§ Records provided
=== Section Start ===

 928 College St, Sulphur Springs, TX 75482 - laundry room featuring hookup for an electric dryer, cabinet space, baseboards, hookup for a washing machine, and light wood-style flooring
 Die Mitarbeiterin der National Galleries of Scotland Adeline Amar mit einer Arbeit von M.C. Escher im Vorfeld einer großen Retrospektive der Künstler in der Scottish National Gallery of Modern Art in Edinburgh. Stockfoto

=== Section End ===
=== Section Start ===

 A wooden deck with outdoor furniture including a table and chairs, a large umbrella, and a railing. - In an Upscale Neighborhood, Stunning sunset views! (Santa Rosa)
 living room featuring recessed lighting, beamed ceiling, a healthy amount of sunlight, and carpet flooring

=== Section End ===

§ Exercise instructions
Pull every line with the string "flooring" out of the material.

§ Response box
 928 College St, Sulphur Springs, TX 75482 - laundry room featuring hookup for an electric dryer, cabinet space, baseboards, hookup for a washing machine, and light wood-style flooring
 living room featuring recessed lighting, beamed ceiling, a healthy amount of sunlight, and carpet flooring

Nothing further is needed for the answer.